その朝、私は朝食のハムエッグを食べながら、それとなく彼に希望を聞いてみた。
「ねえ、聡介。もうすぐ誕生日でしょ。なにが欲しい?」
「なんでもいいよ。特に希望はないし」
すでに食事を終えた聡介は、スマホを操作しながら、淡々といった。
「そんな。なにかリクエストいってよ。そうじゃないと、なにを贈ればいいか困るから」
「ほんとうになんでも構わないって……」
「そんなこといわないで」
「じゃあ君にしかできない贈り物をしてくれよ」
やっとスマホから目を離し、チラッと私のほうを見る彼。
「私にしかできない贈り物?」
「ああ。それでいいだろ?」
そういって聡介は再びスマホに目を戻した。まるで会話をするのが面倒だといっているような態度だった。

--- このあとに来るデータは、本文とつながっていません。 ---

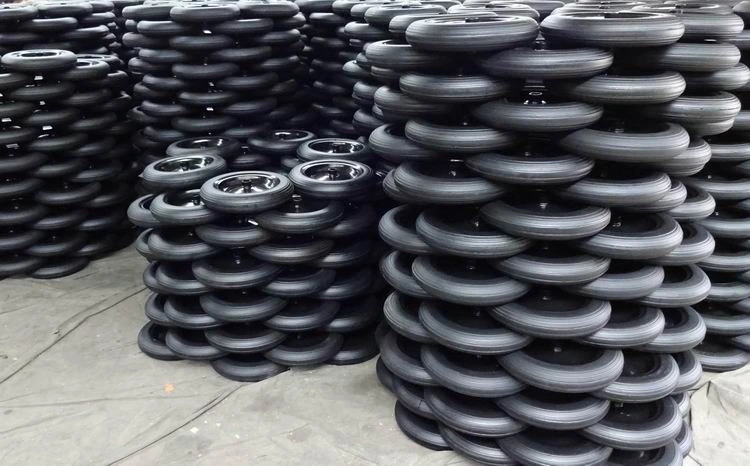 Heavy Duty Solid Rubber Wheel with 6X1.2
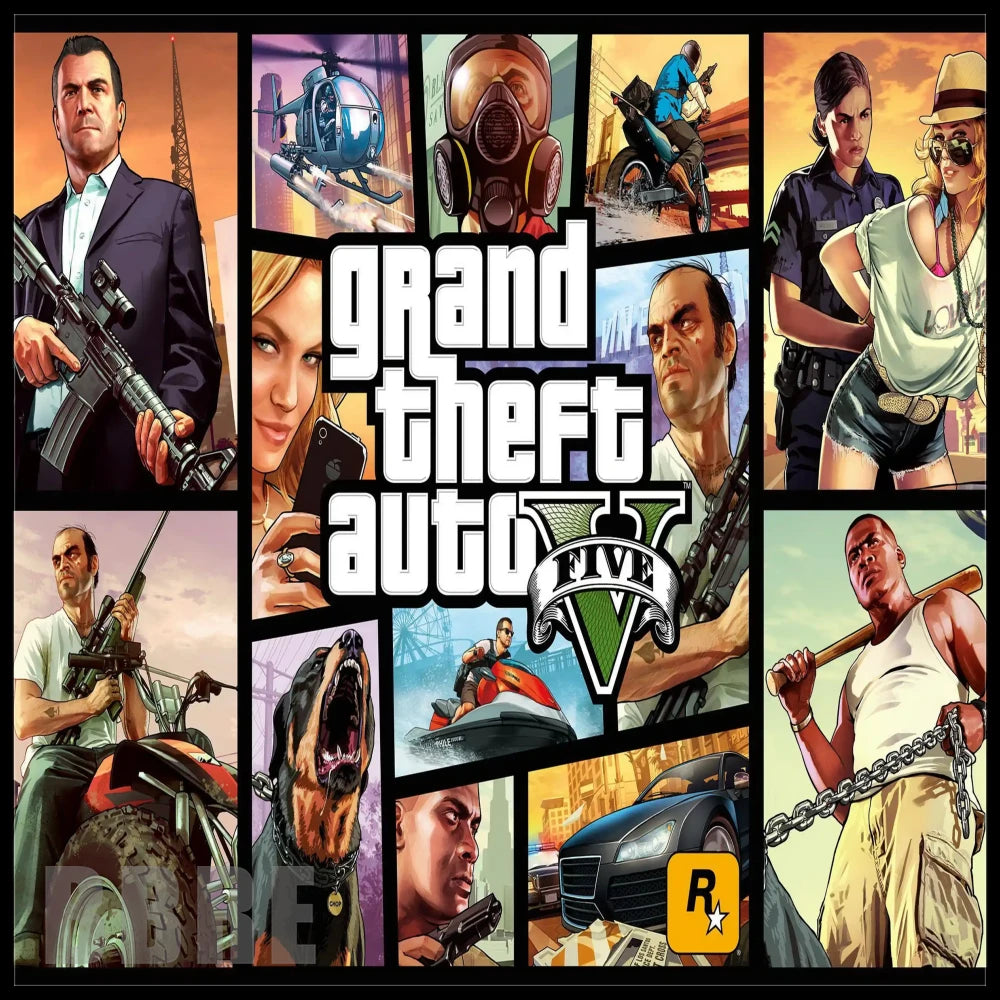 Gta V Artwork Main Image,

まあ、夫婦仲も少し冷め始めているから、こちらも気にもしないけど。
それにしても私にしかできない贈り物とは……? それって一体なんだろう?
考えているうちに、聡介は仕事に行くため、さっさと家を出て行ってしまった。
私たち夫婦には、まだ子供はいない。結婚して七年目になるのだけど。
主婦の私は、一日の大半をこの家で過ごす。